The final rule would look like this pseudocode:

group_one = ['UserA', 'UserB'];
group_two = ['UserX', 'UserY'];

(
  username in group_one
  &
  group_two contains page_recent_contributors(3)
)
|
(

  username in group_two
  &
  group_one contains page_recent_contributors(3)
)

From a practical point of view, I don't know how useful it is. The two groups of DEWP users can always create new (or sleeper) accounts to evade a filter that uses this new function, so a combination of measures may need to be put in place to address those evasions. But I think it is best that we develop this feature and let the communities decide how to use it and how useful it is.

Daimona renamed this task from Create variable 'ARTICLE_LASTXH_CONTRIBUTORS' for the edit filter to Create an 'ARTICLE_LASTXH_CONTRIBUTORS' function.Apr 6 2018, 5:21 PM

This sounds like a very expensive way to run filters, how would it scale? Can someone show a mockup filter for when there are an example 10 different pairs of these restrictions? Or would you implement a separate filter for each group? This also doesn't seem to address discussion type pages - perhaps more filters for that?

The idea in T125723#3994140 seems like a solution, but does not address evasive actions. A simple workaround is to enforce use of registered and identified accounts, but that is a bit counterproductive as it seriously limit who can contribute to an article.

For many purposes it could be possible to track changing user accounts either through cookies or some other means, and replace the actual user names with some alternate identificator. If there are signs that a user comes from a conflicting group responses can be slowed down.

If someone wants to harass a specific user then the harasser would probably want the user to know how and why, and then do it as her-/himself. Perhaps it isn't necessary to put to much work into tracking alternate user accounts.

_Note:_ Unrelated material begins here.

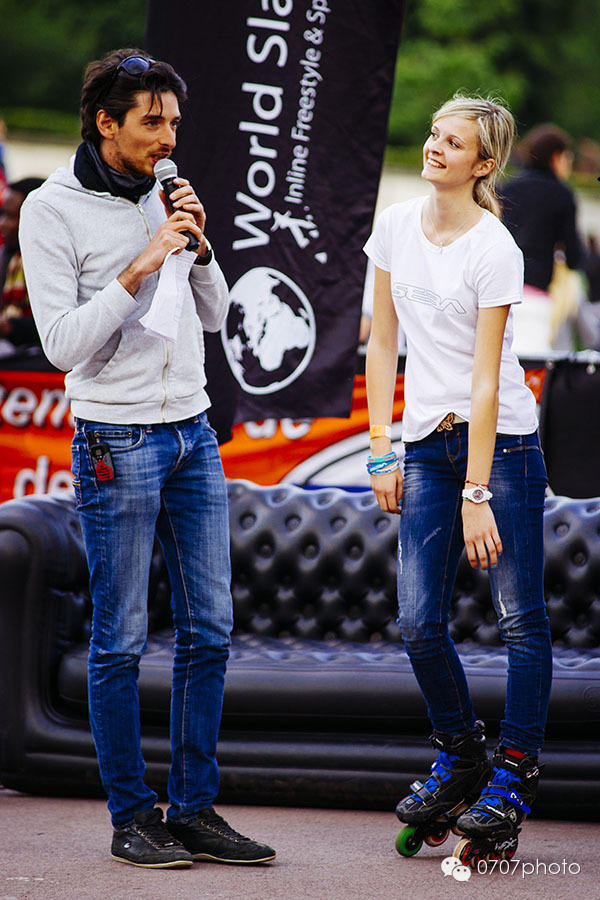 全民健身的浪漫之都--Paris 全民健身的浪漫之都--Paris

Added note: Use of an alternate identificator could pose a privacy problem. One solution could be to add random delays to create plausible deniability, but I'm not sure other users will accept this.

On second thought, the idea in T125723#3994140 will open for programming of sloppy rules that are awfully slow. The reason is that the function call page_recent_contributors() is slow as it will always trigger a hit on the database. It would be better to create a function has_conflicting_contributors(time, user, conflicting_users…) as that enforces an early check whether it is necessary to check the database. The ellipsis is to show where the other conflicting contributors go.

The usermust be in the set of conflicting_users, the set is filtered down to remove user, and that set is used in a query against the database together with a time limit. It is not necessary to check more than one user, that is the current one, but it is necessary to check that user against the filtered set of other users. (There is an index page_user_timestamp.)

There could be several sets of conflicting contributors, but it is not clear whether it is necessary (or important) to identify how the groups relates.